1. The paper showing the SoftLIF neuron is here .

Perfect. Thank you. :slight_smile:

2. The np.zeros(28 * 28) creates a vector (1D array) of 784 elements. It’s just a placeholder to get the right size for the input node. When sim.fit or sim.evaluate is called in that example, you’ll see it is passed a set of images; these are used as the input by overwriting the zeros.
Ok, this was what my understanding was… but was a bit doubtful thus wanted to make it clear… thank you :slight_smile:

3. Yes, it is possible to do simulation over multiple timesteps. You’ll notice that both train_images and test_images in that example are 3D arrays. The first axis is the “batch” axis, where each entry corresponds to a different example; the second axis is the time axis, where each entry is what is shown at a subsequent timestep; the final axis is the feature axis, where each element corresponds to a different feature (in this case, pixel). You’ll notice that test_images already has a time axis of 30, where the image is just tiled (i.e. repeated) across the axis. This is because when the network is evaluated on the test data, it is run over time as the spiking network. For training, we just have a single timestep (because we’re training as a rate network), but there’s no reason you can’t do something similar for the training data, to train over time. In your case, if you’ve got a set of n images of 24 timesteps with 24 pixels, you’d want your array to have shape (n, 24, 24).

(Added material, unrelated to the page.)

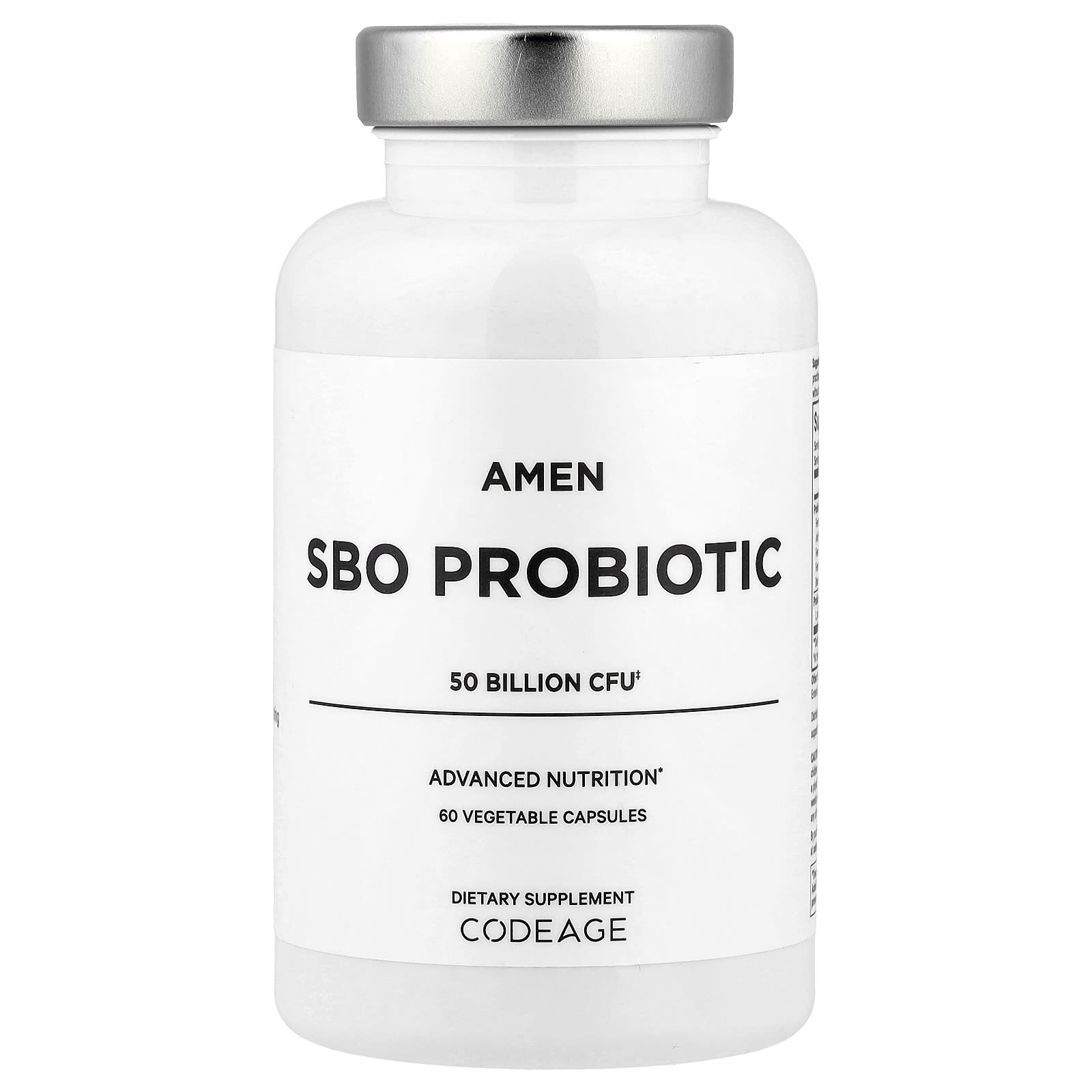 Codeage Amen, SBO Probiotic, 60 Vegetable Capsules — Tunisie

Thank you for your explanation. However, I am sorry if I am not understanding it correctly. I do not want to repeat my image during the training, what I meant was that instead of feeding the whole 24 x 24 image. I would like to feed only one column per step. For example: [1 2; 3 4;] is an image, I would like to first feed column [1;3] to the network and then [2;4] and make prediction something like this…

The method I’ve proposed has no repeating (I’m not calling np.tile or anything like that). It’s simply making sure your data is in the shape (n, 24, 24) when you pass it in to NengoDL. Since the middle axis is the time axis, each one of those columns will be presented for one timestep; the total length of your simulation will be 24 timesteps. If, on the other hand, you wanted to run as a standard ANN, presenting your whole image at once for one timestep, you’d want data with shape (n, 1, 24 * 24).

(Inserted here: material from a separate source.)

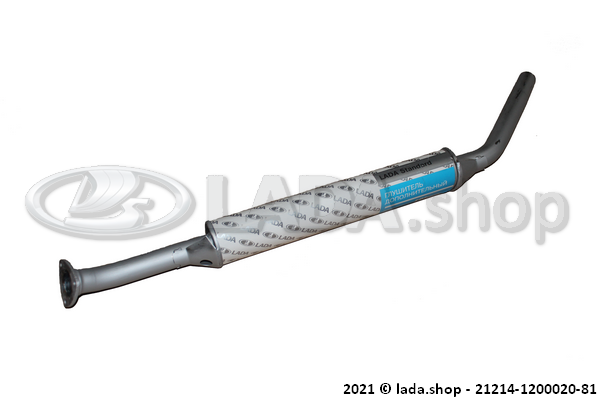 Original LADA 21214-1200020-81, Silencieux supplémentaire Lada Standard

EDIT: Sorry, I just realized I was presenting rows one at a time, rather than columns. To do columns, just transpose. If you’ve got your images with shape (n, 24, 24), then call e.g. images = np.transpose(images, (0, 2, 1)) to have the columns on the time axis, and the rows on the feature axis.

1 Like

@Eric thank you for the explanation… :slight_smile:
I have one last question related to this thread for now:

How is the training time/step and prediction time/step calculated?
When I print the time/step in training and in prediction they both are significantly different. And can we control this time/step somehow?

The number of timesteps is controlled by the length of that time axis. So if my data has shape (10, 20, 5) then it will run for 20 timesteps, whereas if it has shape (10, 40, 5), it will run for 40 timesteps. You can have different numbers of timesteps for training and prediction (as in the spiking MNIST example, where we train as an ANN so we just need one timestep during training, but then we run as a spiking network, so we repeat the image for 30 timesteps). But they can also be the same; it just depends on the data you use for training and testing.

If you’ve got a series of images (i.e. a video) and you want to present each image for more than one timestep, you can do something like repeated_images = np.repeat(images, repeats, axis=1), where repeats is the number of times you want to repeat each image (frame).